The event was opened by Cititec’s managing director, Stephen Grant, who spoke about the company and its values. The company has been qualified for the Quality Assured Equality Diversity and Inclusion accreditation for the past nine years and aims to make a statement to clients and employees that it is at ease with its diversity.
There were four speakers at the event, Emma Mulqueeny, CEO of Elbi and founder of Young Rewired State and Rewired State; Antonia Heslop, designer at Buzzfeed; Alexa Glick, global diversity manager at Microsoft, and Codess community manager and Paula Walter, CTO at Newton Investment Management. Each of the speakers focused their talk, in some way, around women in technology.
Mulqueeny’s presentation was called The Queen and a Supermodel. It focussed on the woman who had the biggest impact on her life last year; the Queen, and a social enterprise app, which was co-founded by Russian supermodel Natalia Vodianova.

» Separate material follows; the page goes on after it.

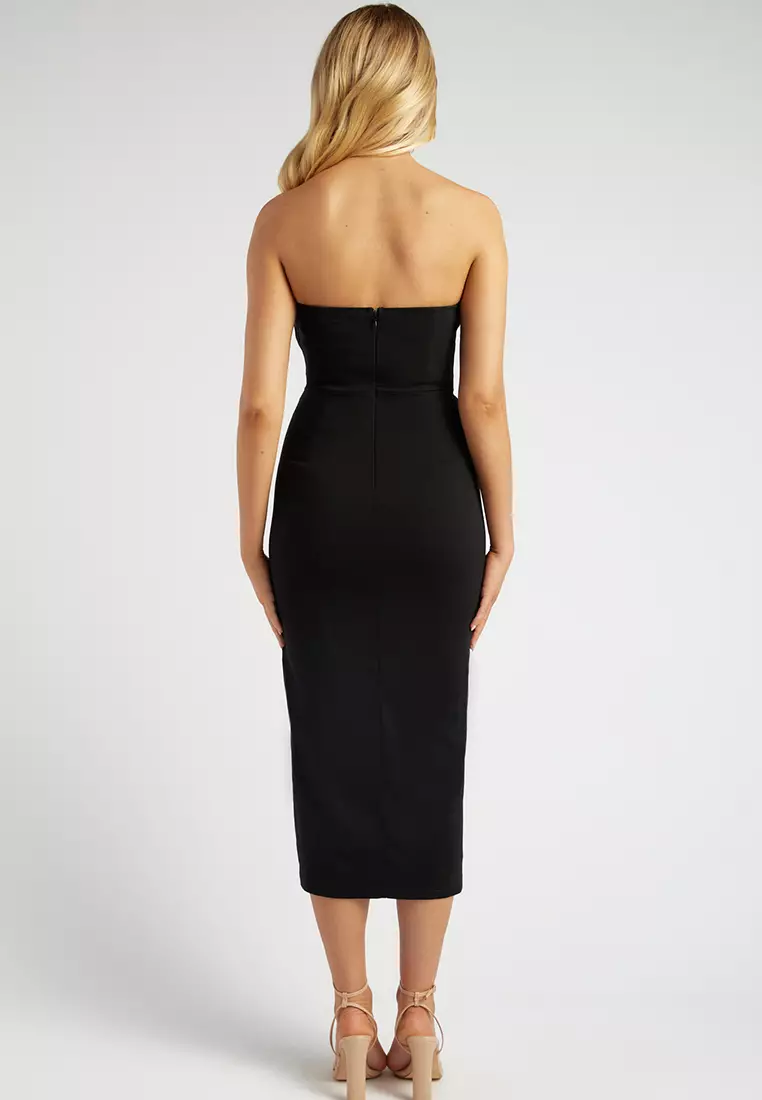 Pleated Bodice Detail Bodycon Dress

According to Mulqueeny, the Queen has hosted events at Buckingham Palace for parents of children who enjoy programming. The events are meant to reassure parents that the skills their children have are not worrying, and instead are quite useful skills to have for their future education and careers.
The social enterprise app, Elbi, uses digital technology for philanthropy. The app’s tagline is “Little actions. Big difference.” The app, which was launched in November 2015, enables people to make little actions that go a long way. Users of the app are able to do small charitable acts in minutes using their mobile phone.
The second speaker, Heslop, focused her presentation on her career at Buzzfeed. Heslop has designed her own game, named Rush Hour, which she is hoping to fully create at some point. The game is designed to replicate the tube, where users would need to navigate from one location to another. There are also mini games included within this game.
Heslop believes that storytelling is key when it comes to designing. She spoke about the culture at Buzzfeed, which is centred around diversity. The company is run by two women, with more women than men working for them. Currently, 52% of the managers at Buzzfeed are women.
Glick’s presentation was titled, Why diversity matters to Microsoft. She spoke about Emma Watson, who addressed the UN last year on her HeForShe campaign, being a goodwill ambassador for gender equality. She then moved on to talk about Codess, a community for female coders that was set up by Microsoft.
According to Glick, diversity is important to Microsoft because it evolves the company’s workforce, enables greater innovation and creates a broader reach with a more diverse group of people working for the company. Microsoft has 40 employee networks and seven global employee resource groups. Moving forward, Glick says that Microsoft has three focuses: its people, who will create the future generation of role models; its culture, with benefits such as flexible working coming in to play, and its customers, such as its programmes to give disabled students the opportunity to learn more about technology.
The final speaker of the evening, Walter, told the audience about her career in technology. When she started working in technology, she was part of a male dominated industry, where she found she had to be loud and confident to succeed.
She explained the importance, particularly at interviews, of emphasising the skills you do have, rather than highlighting what you can’t do. She believes that everyone has, what she called a “burden” in their life, whether this is something around their gender, ethnicity, cultural background, health or family. In this sense, everyone is equal and it’s about finding a way to get everyone to contribute.